'Justice For All' Means Respecting The Rights Of & Having Compassion For All Victims
MONDAY, APRIL 20, 2020
The presumption of innocence—the fact defendants needn’t prove they did not commit a crime—is paramount in our legal system. But we can’t truly have “justice for all” unless we assure victims’ rights are also respected and protected and legally guaranteed.
Thanks to so-called “procedural shows” on TV, just about everyone can recite the Miranda Rights, a person's rights when being arrested to remain silent, to have an attorney, etc.
Less well known are the legal rights afforded crime victims. In the last half-century, state legislatures across the nation have passed tens of thousands of victims’ rights bills. The Missouri State Attorney General’s Office has produced a 32-page guide (PDF) about the rights assured to crime victims under an amendment to the state Constitution and laws in effect since 1993.
Treating Each & Every Victim With Compassion
I’ve listed the crime victims’ “general rights in Missouri” at the bottom of this page. It’s vital that we have these laws on the books to guarantee crime victims are always among the “all” for whom we seek justice. Just as essential as following the letter of the law, I believe, is sincerely treating each and every victim with compassion.
I know that is why the Jackson County Prosecutor’s Office has a Victim Advocate Unit dedicated to not only guiding a victim through the legal proceedings but also providing emotional support. That’s why the Prosecutor’s Office and one of our COMBAT-funded agencies, the AdHoc Group Against Crime, have teamed up on the Caring For Crime Survivors program. True to its name, this program is all about caring, offering help with basic needs such as shelter, food, clothing, even cleaning up the crime scene—if the scene happens to be where the survivor lives, which is often the case—and repairing damage, such as a broken door or windows.
While this week has been designated National Crime Victims’ Rights Week, our commitment to victims must be year-round… 24/7… every year… and—I will repeat myself—for each and every victim.
As I write this, I’m remembering what Dr. Robert Winfield wrote for the COMBAT website earlier this year about treating gunshot wound victims. He told us about the agony that overwhelmed one woman when he told her about her son’s violent death:
At a glance, I knew nothing about the circumstances under which this teen sustained his injury. Drugs? Gangs? Bystander? I had never seen them together, but his last words were asking for his ‘mama’ and the anguish she expressed when I told her of his death was like a bullet fired into my soul. It occurred to me that regardless of the circumstances, this mother loved her child every bit as much as my mother loves me or as much as I love my own children.
No One Is Immune
These are uncertain times we are living through. The COVID-19 pandemic has demonstrated clearly no one is immune. There for the grace of God goes I.
Sadly, crime has not “shut down” during this public health crisis. Just ask KC Mothers In Charge Founder Rosilyn Temple.

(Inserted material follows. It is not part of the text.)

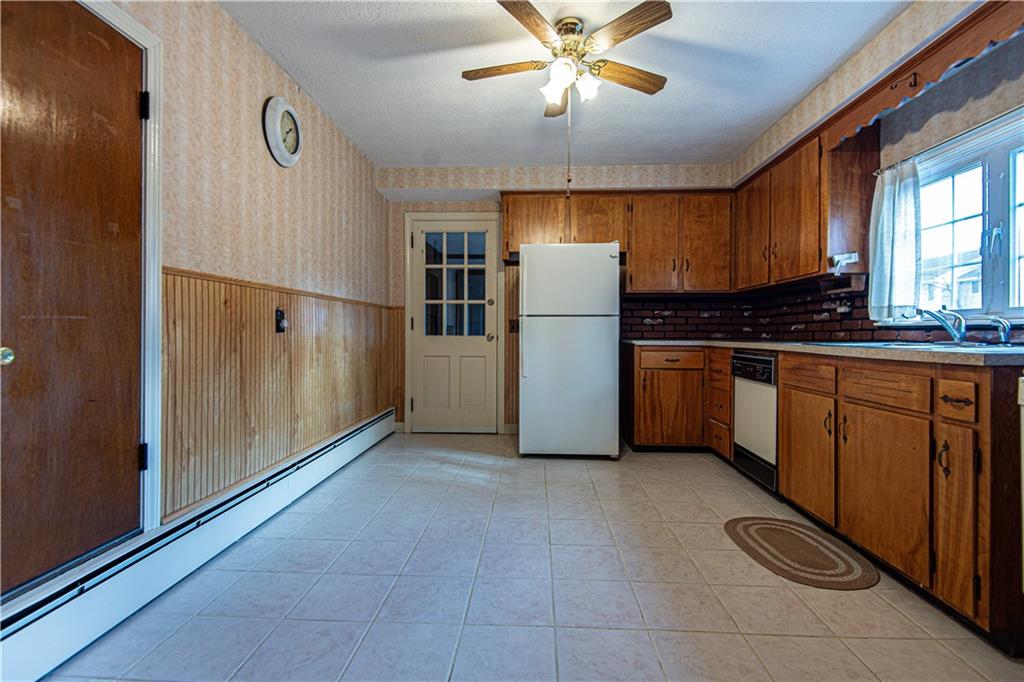 55 Cul De Sac Way, East Providence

It took a pandemic to prevent her—for the first time since 2013—from being among the first on the scene at a Kansas City homicide to offer on-the-spot crisis counseling and other support for the victim’s surviving family. Unfortunately, there have continued to still be too many homicide scenes and other crime scenes.

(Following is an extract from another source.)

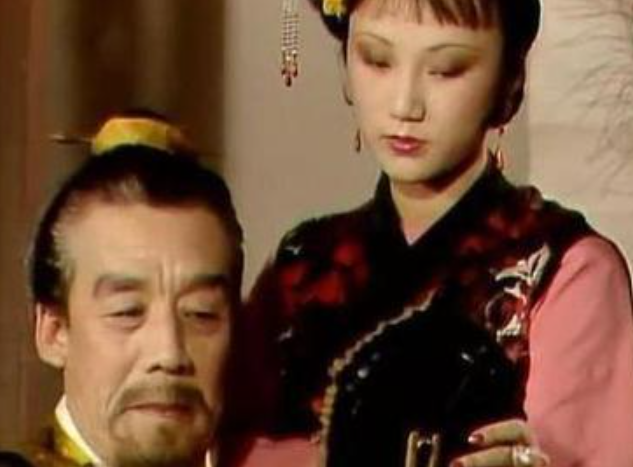 红楼梦中秋桐是什么身份？她为何要羞辱尤二姐？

As Rosilyn recently said so well, “What we need is some stillness and to stop hurting each other. Even with all this social distancing, we ought to be coming together during this crisis.”
Beyond National Crime Victims’ Rights Week, let’s recognize that we all have a role to play in keeping one another safe and in helping victims become survivors. I’ll leave you with this hashtag we’ve been using on our Twitter posts these last few weeks during the COVID crisis, and I think it applies here, for crime victims, as well: #CompassionIsContagiousToo.
Crime Victims' General Rights In Missouri
From the State Attorney General's Crime Victims' Rights Guide:
• To be present at all criminal proceedings where the defendant has that right, even if the victim is called to testify or may be called to testify as a witness in the case.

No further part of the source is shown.